Crítica de Pablo O. Scholz - Clarín

Un thriller sobre la confianza
El filme, planteado como un thriller psicológico, analiza los recovecos del poder, creando desconcierto.

Confiar o no confiar. Creer, depositar esperanzas, no querer ver lo que se mira. Mucho de eso hay en La cordillera, la película de Santiago Mitre. Está allí, sentado en el avión presidencial. Escucha. Parece que medita. Las cosas no le están empezando a resultar sencillas a Hernán Blanco (Ricardo Darín), el presidente de la Argentina. Tiene poco tiempo en el Gobierno, pero los palos empiezan a dolerle. No todas sus preocupaciones son por problemas del Estado. El frente interno, familiar, también le muestras amenazas. El ex de su hija Marina (Dolores Fonzi) parece que sabe cosas de su pasado que le ensuciarán algo más que su traje Ermenegildo Zegna. Blanco -lindo nombre para un político, que remite a pureza- ordena que traigan a Marina a Chile, donde asiste a una Cumbre sudamericana.

Así como había contado cómo se construían las alianzas políticas en El estudiante, en La cordillera Mitre vuelve a apostar a la relación paterno filial, como en La patota. Como si confluyeran las dos en ésta, su tercera película, tal vez sea el cierre de una trilogía sobre los vericuetos y manejos del poder.

Blanco está maniatado por su canciller y su jefe de gabinete (un Gerardo Romano medido y exacto) entre apoyar al presidente de Brasil en la Cumbre energética en la cordillera, o no. Uno lo tironea para un lado; el otro recomienda lo contrario. Pero Blanco, al que muchos tildan de blando, sabrá cómo hacer pie y no resbalar en la nieve.

Carisma no le falta. Y tampoco a Ricardo Darín, que es el centro del filme, que sabe ser desconcertante y entrador, y que en sus encuentros y cruces con los personajes de Romano, Fonzi y Erica Rivas -ambas cumpliendo con el mismo grado de compromiso la ambigüedad que les requiere el guión-, gana. Allí es donde Mitre permite al espectador conocer al verdadero Blanco. Pero hasta ahí nomás.

Porque Blanco es político, y las negociaciones que deba hacer con un enviado del Gobierno de los Estados Unidos (Christian Slater), o con su hija, que parece confundida, nunca serán sencillas. Y nunca sabremos si lo que dice es cierto, si de lo que se lo acusa es verdad. ¿Quién tiene la razón?

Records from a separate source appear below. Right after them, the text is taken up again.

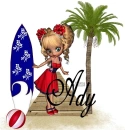 Girl on dock in red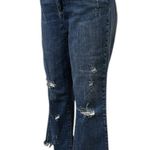 Risen Frayed Kick Flare Distressed Denim High Rise Blue Jeans Raw Hem Womens 32 Photo 1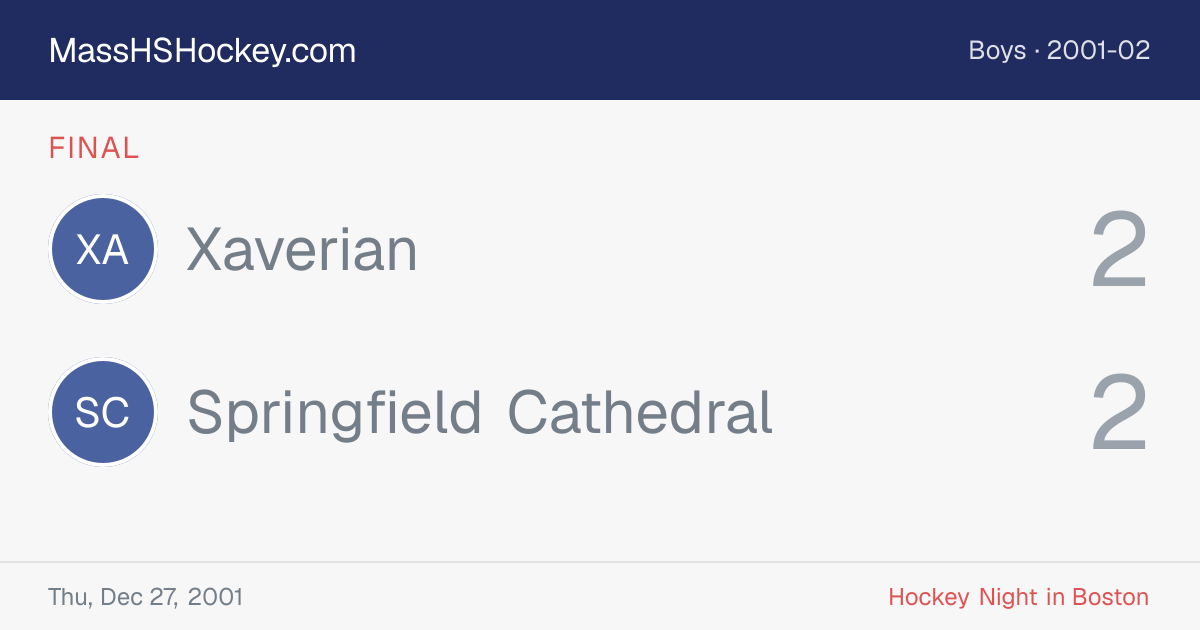 Xaverian at Springfield Cathedral score card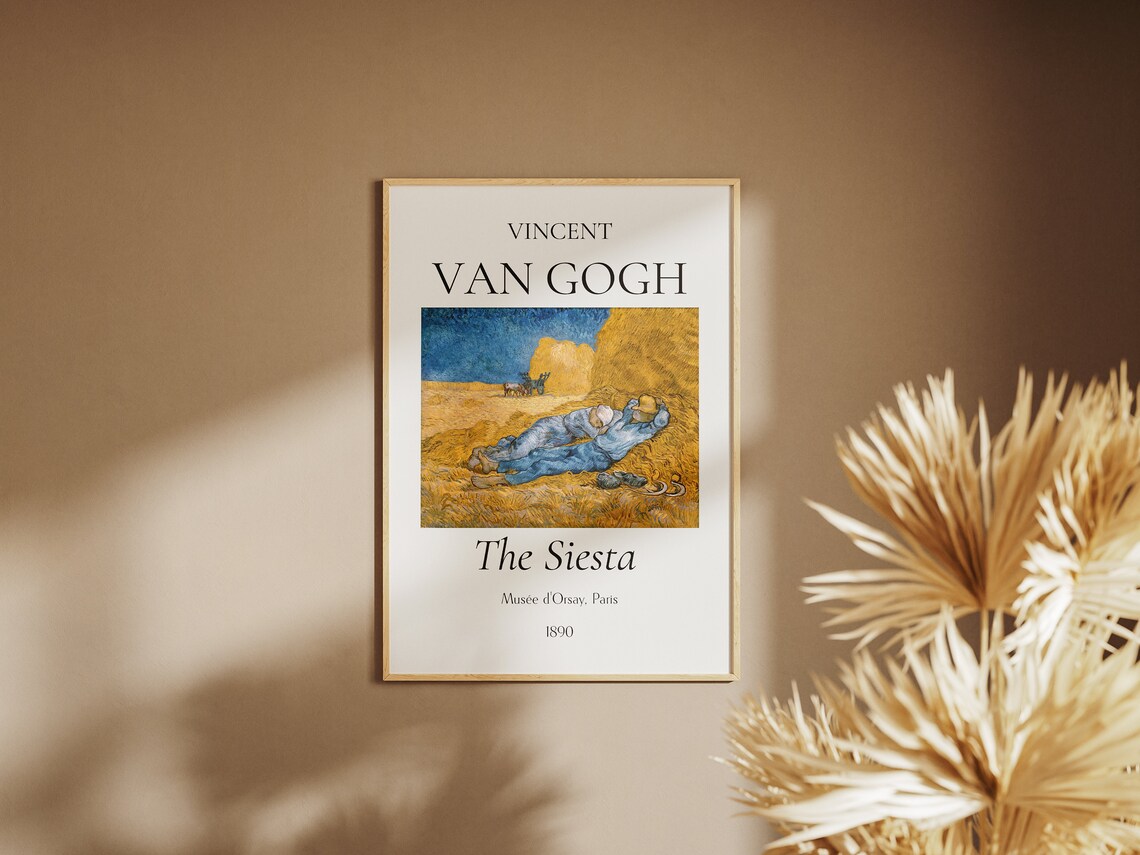 Van Gogh The Siesta Harvest Rest Wheat Field 1890 Museum Exhibition Poster - Image 7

El primer acierto de Mitre es manejar la intriga desde el arranque, con la escena que abre el filme, con un personaje ingresando a la Casa Rosada. Es, literalmente, entrar a la cocina del Gobierno. A partir de allí, no la soltará. Habrá quién se interese más por la relación del Presidente con su hija, que por las cuestiones políticas. Una va atada a la otra.

Santiago Mitre conduce por primera vez una superproducción -por despliegue, por costos, por elenco internacional- y mantiene la guía como en sus primeras realizaciones. El final abrirá más preguntas que el espectador sabrá contestar, o no, solo.